- _Activity_: Further down are entries; set down exactly and only the lines from the one with "Image showing two" up to and including the one with "水仙花叶子发黄怎么处理 水仙花叶子发黄怎么处理", dropping each picture.

- _Data_:
--
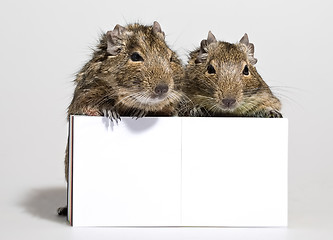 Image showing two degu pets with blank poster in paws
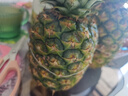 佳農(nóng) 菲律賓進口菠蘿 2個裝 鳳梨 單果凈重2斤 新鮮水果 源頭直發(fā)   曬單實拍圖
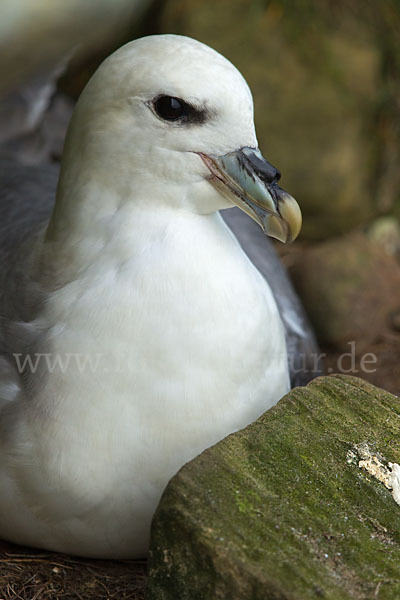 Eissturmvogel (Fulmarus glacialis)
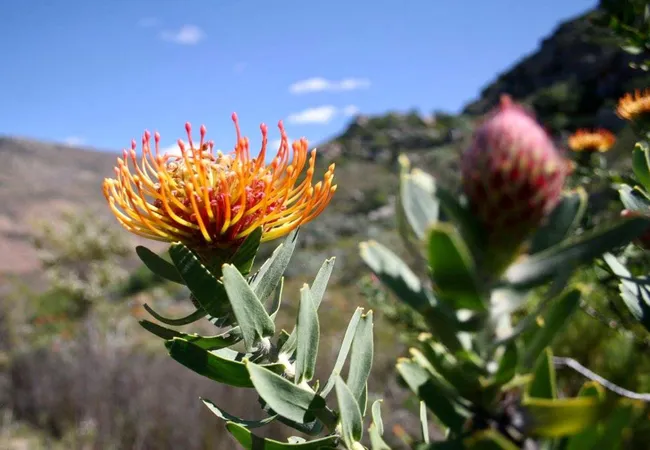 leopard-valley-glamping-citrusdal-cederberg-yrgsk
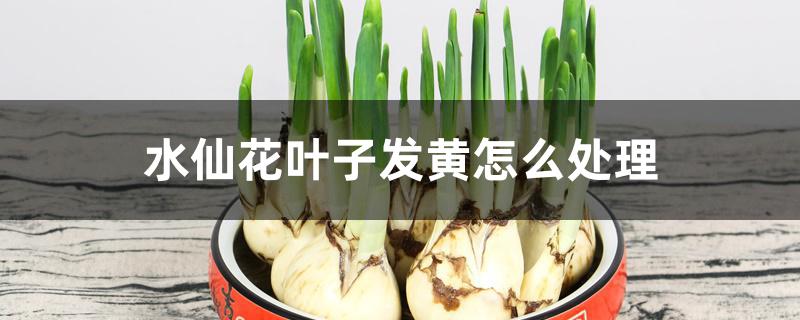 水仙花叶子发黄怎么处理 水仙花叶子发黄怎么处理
--
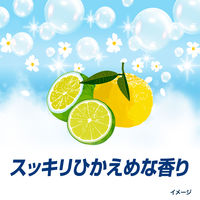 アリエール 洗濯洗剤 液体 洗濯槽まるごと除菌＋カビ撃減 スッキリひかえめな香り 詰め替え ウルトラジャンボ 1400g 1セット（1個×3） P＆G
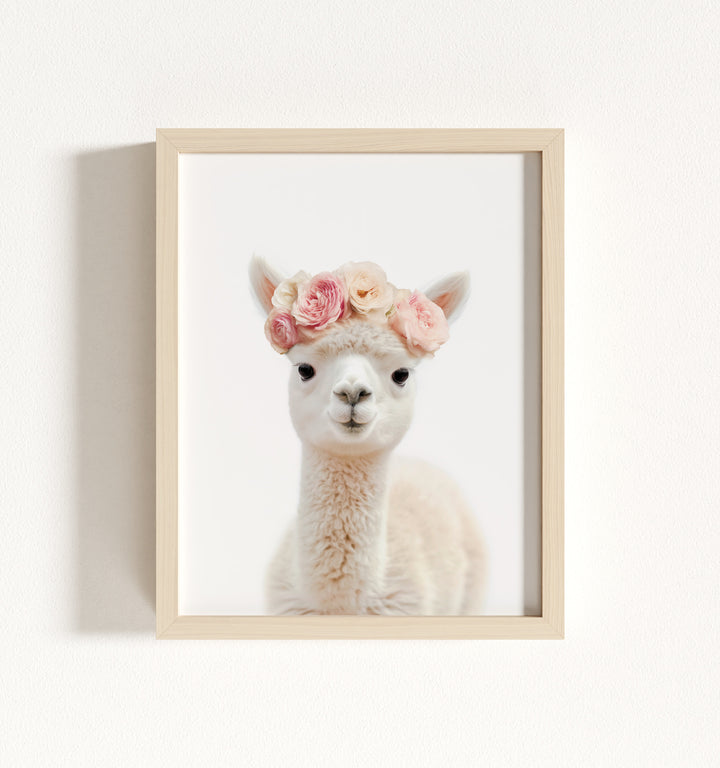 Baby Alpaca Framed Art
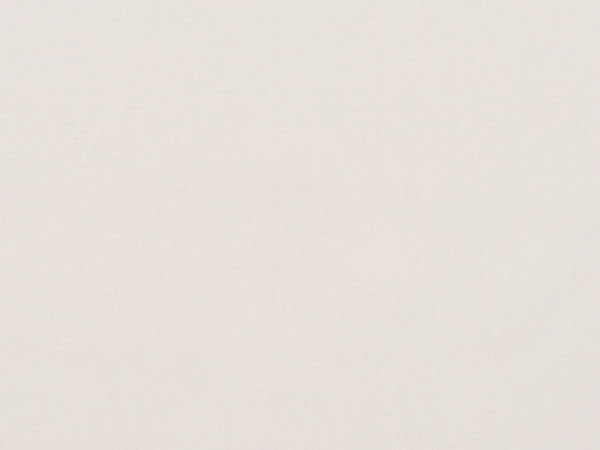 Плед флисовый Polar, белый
--
- _Answer section_:
 Image showing two degu pets with blank poster in paws
 佳農(nóng) 菲律賓進口菠蘿 2個裝 鳳梨 單果凈重2斤 新鮮水果 源頭直發(fā)   曬單實拍圖
 Eissturmvogel (Fulmarus glacialis)
 leopard-valley-glamping-citrusdal-cederberg-yrgsk
 水仙花叶子发黄怎么处理 水仙花叶子发黄怎么处理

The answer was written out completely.